Green Bullet Makaleler

Green Bullet Articles in English

Sürekli Yazılar


 

AYDINLANMA

EMRE KONGAR

BİRTEK-SEN, TÜSİAD VE REJİM

 

Aynı anda hem işçi sendikasına grev yasağı getiriliyor, hem de sermayenin en güçlü örgütünün başkanına soruşturma açılıyor.

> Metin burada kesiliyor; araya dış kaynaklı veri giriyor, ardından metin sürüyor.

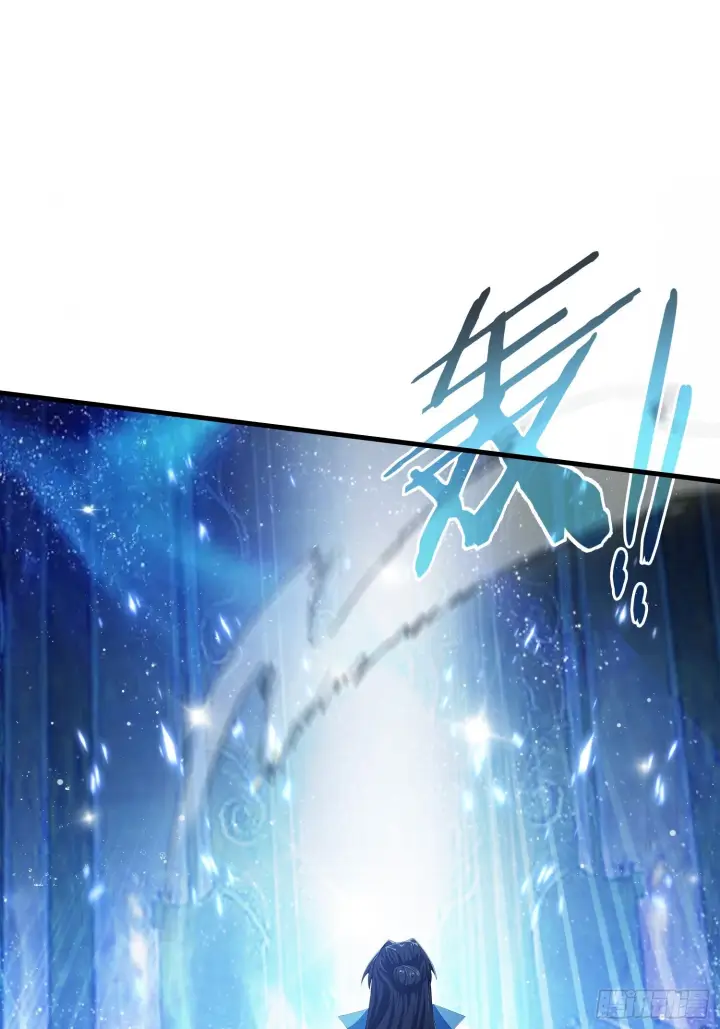 漫画《原来我早就无敌了》第310话 太古，什莫神魔诀！第4张图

Hem sermaye hem de işçi sınıflarına aynı anda baskı uygulayan bir iktidar:

Garip mi?

Hayır!

Neden?

Çünkü İktidar "Demokratik Rejim"in temelinde olan her iki çağdaş sınıfa da karşı...

Çünkü Rejim "Gerici"!

* * *

Sevgili okurlarım, hemen belirtmeliyim ki, "Gerici" kavramını siyasal, sınıfsal, ya da ideolojik olarak değil, doğrudan doğruya, zamansal anlamda kullanıyorum:

" Gerici"den, kastım, "ülkeyi, toplumu, zaman ve tarih içinde geri götürmek isteyen"dir!

* * *

Ne yazık ki, Türkiye'deki "sağcılar", genellikle, (nadir istisnalar dışında) ne "Muhafazakâr Demokrat", ne Avrupa'daki anlamıyla "Liberal", "ne ABD'deki anlamıyla Liberteryen", ne de "Demokrattır"...

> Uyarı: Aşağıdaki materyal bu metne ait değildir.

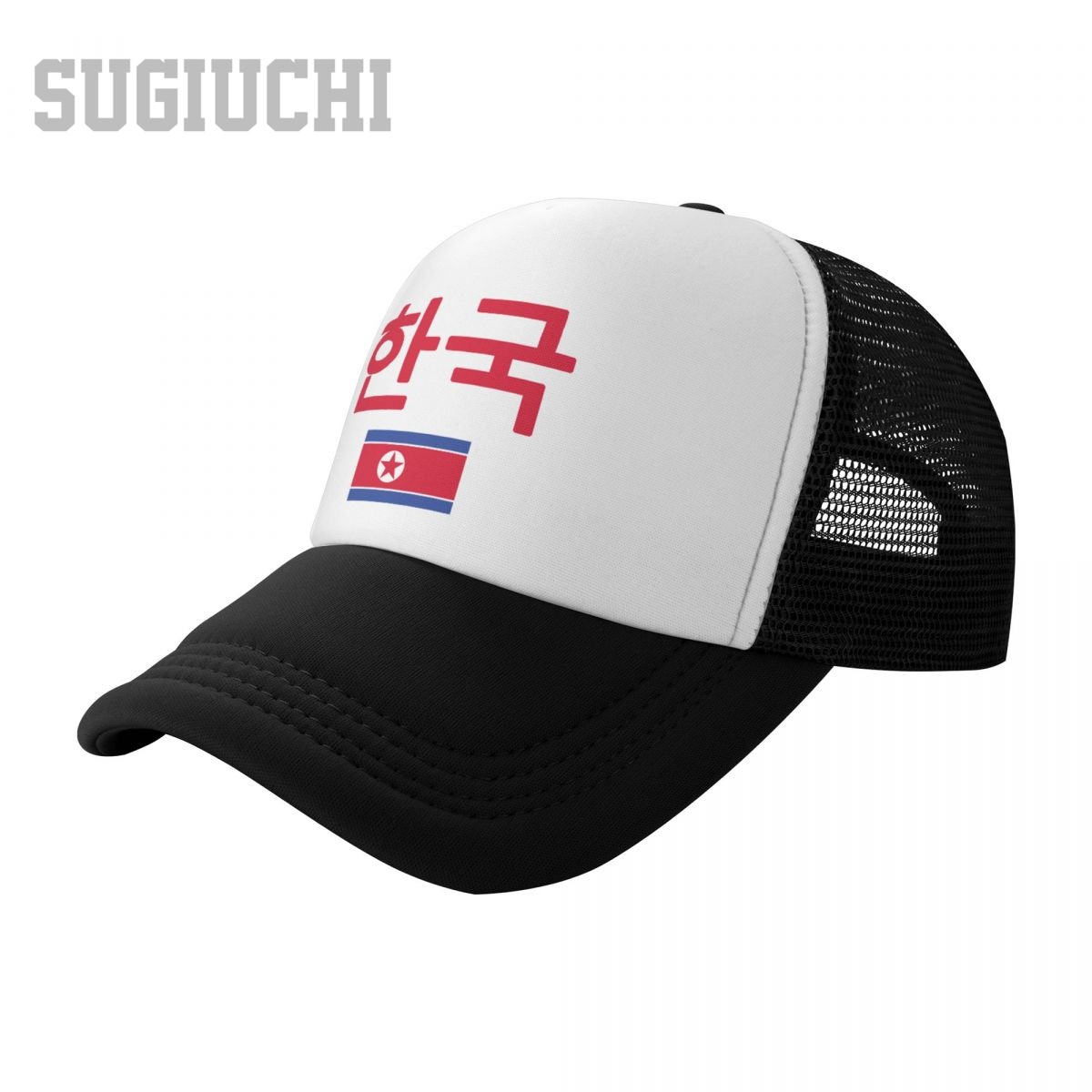 Unisex Mesh Cap Hat North Kore - Trucker Cap Mesh 评论和价格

Bizim ülkemizdeki "sağcılar" doğrudan doğruya "Demokrasi Karşıtlığı" yapmakta, otoriter eğilimleri dışa vurmakta ve ülkeyi, toplumu, tarih ve zaman içinde geriye götürmek istemektedirler!

Bunu da hiçbir yoruma yer bırakmayacak biçimde, "Laik Demokrasiye" karşı çıkarak, "Hilafet" isteyerek, "Şeriat"ı savunarak, Atatürk'e, Cumhuriyet'e hakarete varan eleştirilerde bulunarak açıkça dile getirirler.

* * *

Neden bizim "sağcılar" gerici ve otoriter eğilimli oluyor da, Demokrat olamıyorlar?

Bunun iki nedeni var:

Birinci neden, bütün sağ partilerin 1946'da kurulan Demokrat Parti'yi taklit etmeleri, onu örnek almalarıdır.

Demokrat Parti döneminde, Türkiye'de Sermaye ve İşçi sınıfları henüz gelişmemiş oldukları için, Menderes, Cumhuriyet öncesi dönemin egemenleri olan tarikatlara ve toprak ağalarına dayanan bir politika izledi.

Sonradan, Sermaye Sınıfı ve İşçi Sınıfı geliştiği halde, sağcı partiler ve politikacılar, DP'yi izleyerek, Din/Tarım döneminin egemenleri olan tarikatları ve toprak ağalarını yaşatmak ve onlara dayanmak politikalarını izlediler; izliyorlar.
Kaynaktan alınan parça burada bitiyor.